# Entries provided
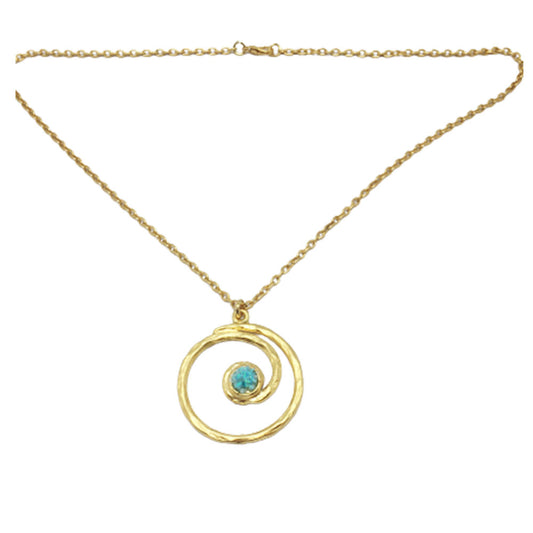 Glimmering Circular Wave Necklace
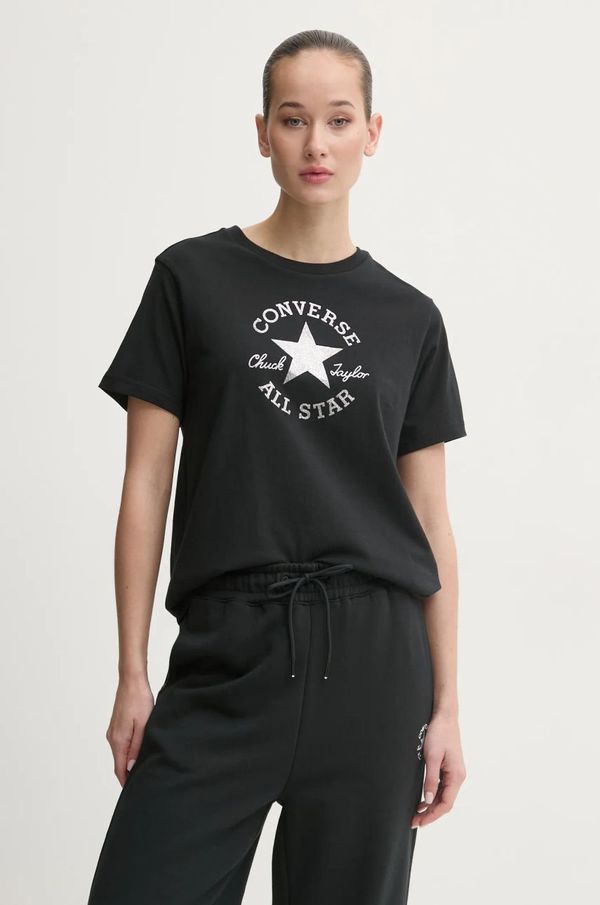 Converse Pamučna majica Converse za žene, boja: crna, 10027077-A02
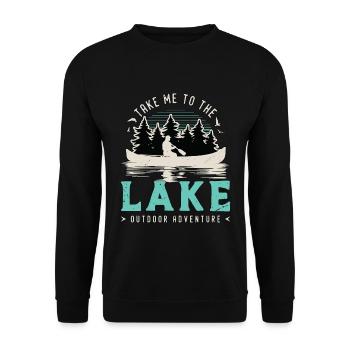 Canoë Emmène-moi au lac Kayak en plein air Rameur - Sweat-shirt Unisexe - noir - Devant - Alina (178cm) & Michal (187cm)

--

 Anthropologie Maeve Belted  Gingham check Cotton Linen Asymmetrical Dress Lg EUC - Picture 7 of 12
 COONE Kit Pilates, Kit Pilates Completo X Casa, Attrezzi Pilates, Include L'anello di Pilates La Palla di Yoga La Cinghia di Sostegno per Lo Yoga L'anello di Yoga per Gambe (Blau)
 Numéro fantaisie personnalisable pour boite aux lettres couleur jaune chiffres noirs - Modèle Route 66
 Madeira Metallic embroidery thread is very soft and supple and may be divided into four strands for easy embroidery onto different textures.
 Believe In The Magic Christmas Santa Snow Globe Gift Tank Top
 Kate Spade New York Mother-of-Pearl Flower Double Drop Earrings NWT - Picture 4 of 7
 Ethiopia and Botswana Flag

---

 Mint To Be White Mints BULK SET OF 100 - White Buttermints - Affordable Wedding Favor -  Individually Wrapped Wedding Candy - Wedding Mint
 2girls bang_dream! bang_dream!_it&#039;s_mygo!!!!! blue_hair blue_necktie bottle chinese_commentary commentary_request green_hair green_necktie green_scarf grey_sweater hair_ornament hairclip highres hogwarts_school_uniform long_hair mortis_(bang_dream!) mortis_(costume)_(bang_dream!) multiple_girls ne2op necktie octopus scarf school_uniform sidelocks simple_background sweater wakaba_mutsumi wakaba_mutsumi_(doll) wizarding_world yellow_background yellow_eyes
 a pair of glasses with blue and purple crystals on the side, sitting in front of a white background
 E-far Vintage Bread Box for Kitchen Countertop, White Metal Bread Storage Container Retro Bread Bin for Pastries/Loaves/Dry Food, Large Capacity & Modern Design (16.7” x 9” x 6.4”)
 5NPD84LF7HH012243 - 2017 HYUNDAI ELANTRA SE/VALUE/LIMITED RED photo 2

# Assigned task
Your answer should consist of the lines above that hold the word "Picture".

# Answer to this task
 Anthropologie Maeve Belted  Gingham check Cotton Linen Asymmetrical Dress Lg EUC - Picture 7 of 12
 Kate Spade New York Mother-of-Pearl Flower Double Drop Earrings NWT - Picture 4 of 7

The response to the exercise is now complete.